As we pulled in, I felt the van park itself in a parking spot. I mean, I drove it, but it was like a momentary forgetfulness of the plan I had formulated a millisecond ago.  “Well…I guess we should all go see Jesus,” I turned around and my three treasures were all buckled in their car seats, bright eyed and wonderful . The unbuckling and buckling of car seats for three children under four was like the needle that St Therese bends down to pick up. All these little things for Jesus.  The situation was not very “quick” or “efficient” either, but…Jesus is not an errand.
Our lively priest Father J.P. was on his way to the Church and stopped by the van. “We’re just paying a visit to Jesus,” I say cheerfully.   He smiled and chuckled, happy with this.  I have to force myself to not think of how good this looks, of how devoted we look, and how it must be pleasing to him. Errrr…vanity. So, we talk about the weather…because it WAS an absolutely beautiful day.
 Katherine and I brought the girls into the little side sanctuary. The familiar glow of the candles, the art, the holy water, and the beautiful wood tabernacle where our King was waiting always seems to make one at ease. As Katherine and I knelt before him, the children on kneelers, or the floor, or the bench in the back….I reflected. He is with me always, what was this urge to come and see Him here and why on earth did I drag the gang along?

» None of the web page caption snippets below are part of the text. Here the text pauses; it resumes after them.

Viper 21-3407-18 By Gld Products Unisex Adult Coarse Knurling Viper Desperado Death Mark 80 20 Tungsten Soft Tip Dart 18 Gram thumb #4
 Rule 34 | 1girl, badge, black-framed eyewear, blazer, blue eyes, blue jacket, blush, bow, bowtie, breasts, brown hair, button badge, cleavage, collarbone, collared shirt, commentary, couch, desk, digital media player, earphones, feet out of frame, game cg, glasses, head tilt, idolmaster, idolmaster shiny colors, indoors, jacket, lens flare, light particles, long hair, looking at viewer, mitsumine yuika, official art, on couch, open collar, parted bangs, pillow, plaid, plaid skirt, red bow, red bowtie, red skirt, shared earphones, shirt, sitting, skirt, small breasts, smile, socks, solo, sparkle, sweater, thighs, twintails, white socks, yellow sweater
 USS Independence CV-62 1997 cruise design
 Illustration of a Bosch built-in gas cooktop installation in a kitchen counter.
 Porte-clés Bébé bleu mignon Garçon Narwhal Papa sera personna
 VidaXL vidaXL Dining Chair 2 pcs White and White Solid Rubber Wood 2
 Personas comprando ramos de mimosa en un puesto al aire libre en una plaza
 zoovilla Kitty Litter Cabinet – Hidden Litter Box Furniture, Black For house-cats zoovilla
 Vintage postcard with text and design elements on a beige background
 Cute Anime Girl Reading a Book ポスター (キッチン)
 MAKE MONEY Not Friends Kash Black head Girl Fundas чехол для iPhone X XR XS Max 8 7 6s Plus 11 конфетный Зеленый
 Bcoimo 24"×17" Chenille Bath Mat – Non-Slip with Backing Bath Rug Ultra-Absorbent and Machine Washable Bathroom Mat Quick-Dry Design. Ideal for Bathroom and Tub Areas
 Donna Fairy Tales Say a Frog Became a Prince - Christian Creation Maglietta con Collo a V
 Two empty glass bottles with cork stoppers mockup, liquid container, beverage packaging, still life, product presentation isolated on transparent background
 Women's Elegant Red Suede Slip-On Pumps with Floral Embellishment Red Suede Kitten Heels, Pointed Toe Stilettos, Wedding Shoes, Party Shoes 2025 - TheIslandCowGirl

The angels… in all my own planning… were in a conspiracy to get us all here.  And so, I was affirmed in my belief that day that the angels long to be with Jesus in the most Holy Eucharist.  That my angel should want to be in His presence is clear to me because I, myself, would like to be in His presence.  The prodding, however, of the angels of my children has now made me more sure that our children do belong with us at mass, when we visit the tabernacle, during adoration. The children may not be totally aware of the presence, but be sure their angels will adore. Listen when they say, “Please take them with you.”